*** Opening Data excerpt ***
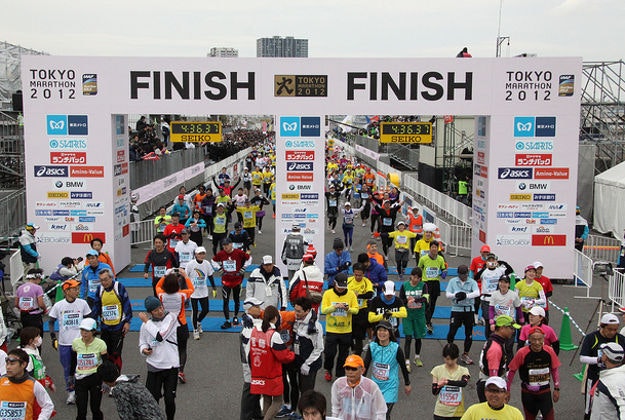 Finish line at the Tokyo Marathon, 2012.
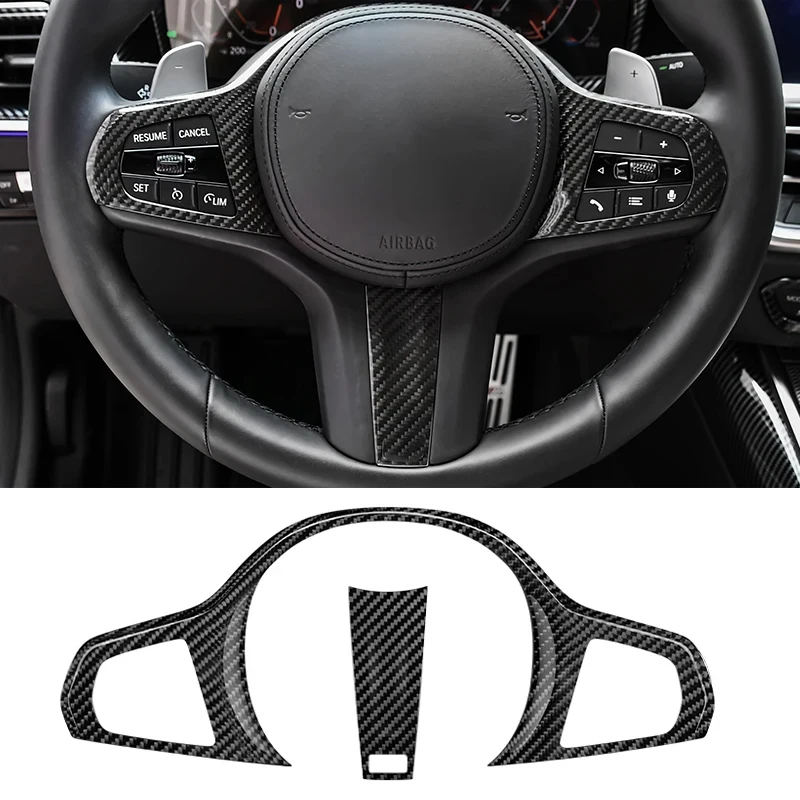 Carbon Fiber Car Steering Wheel Panel Decoration Cover Trim Fit For BMW 3/4/5/6/7Series G20 G30 G32 G80 G02 F90 F98 X3M X4M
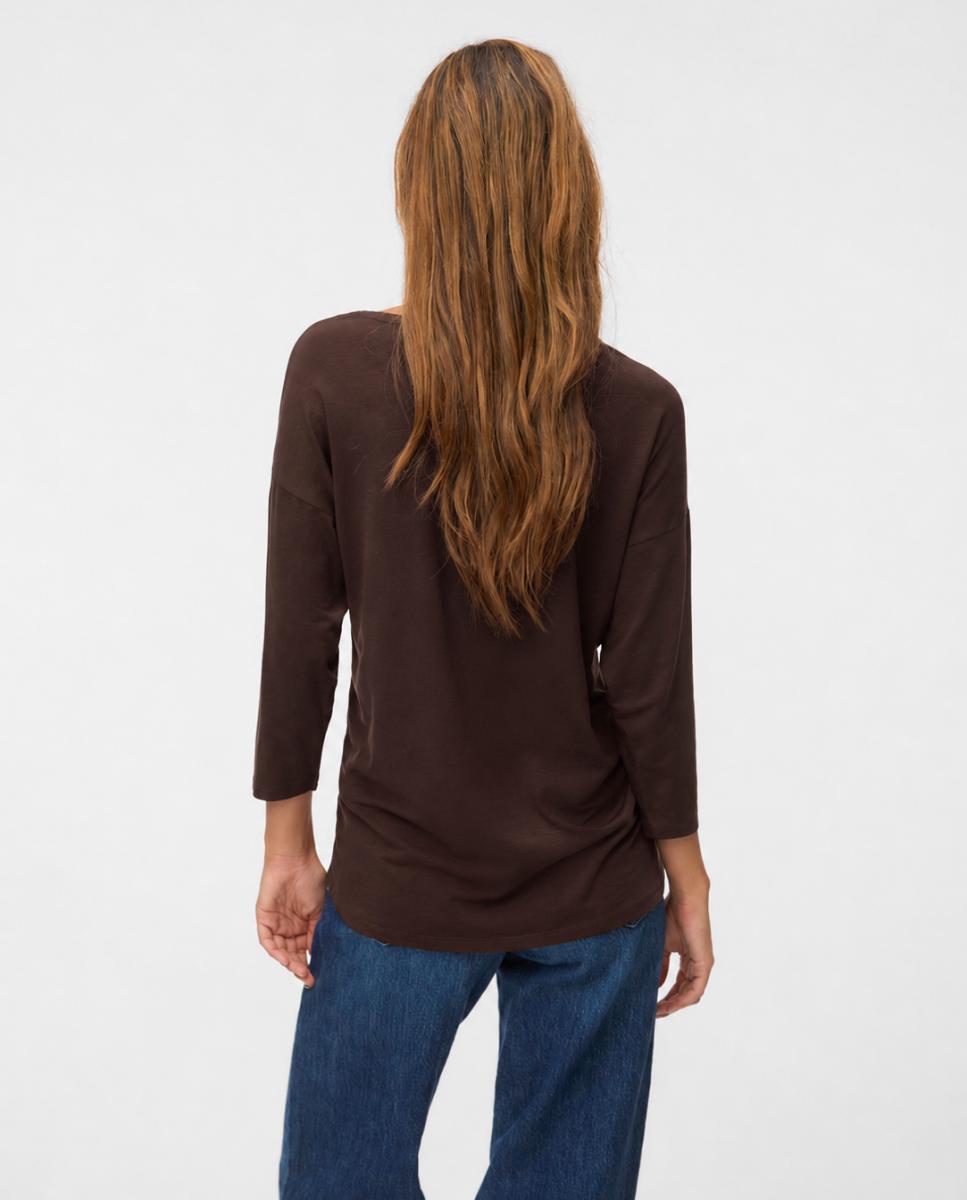 Top manga 3/4 con cuello barco - Vero Moda - Marrón oscuro Marrón oscuro-2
*** Closing Data excerpt ***
• _Work item_: The answer is the full listing above, repeated exactly, with its pictures removed.

• _Reply to the task_:
 Finish line at the Tokyo Marathon, 2012.
 Carbon Fiber Car Steering Wheel Panel Decoration Cover Trim Fit For BMW 3/4/5/6/7Series G20 G30 G32 G80 G02 F90 F98 X3M X4M
 Top manga 3/4 con cuello barco - Vero Moda - Marrón oscuro Marrón oscuro-2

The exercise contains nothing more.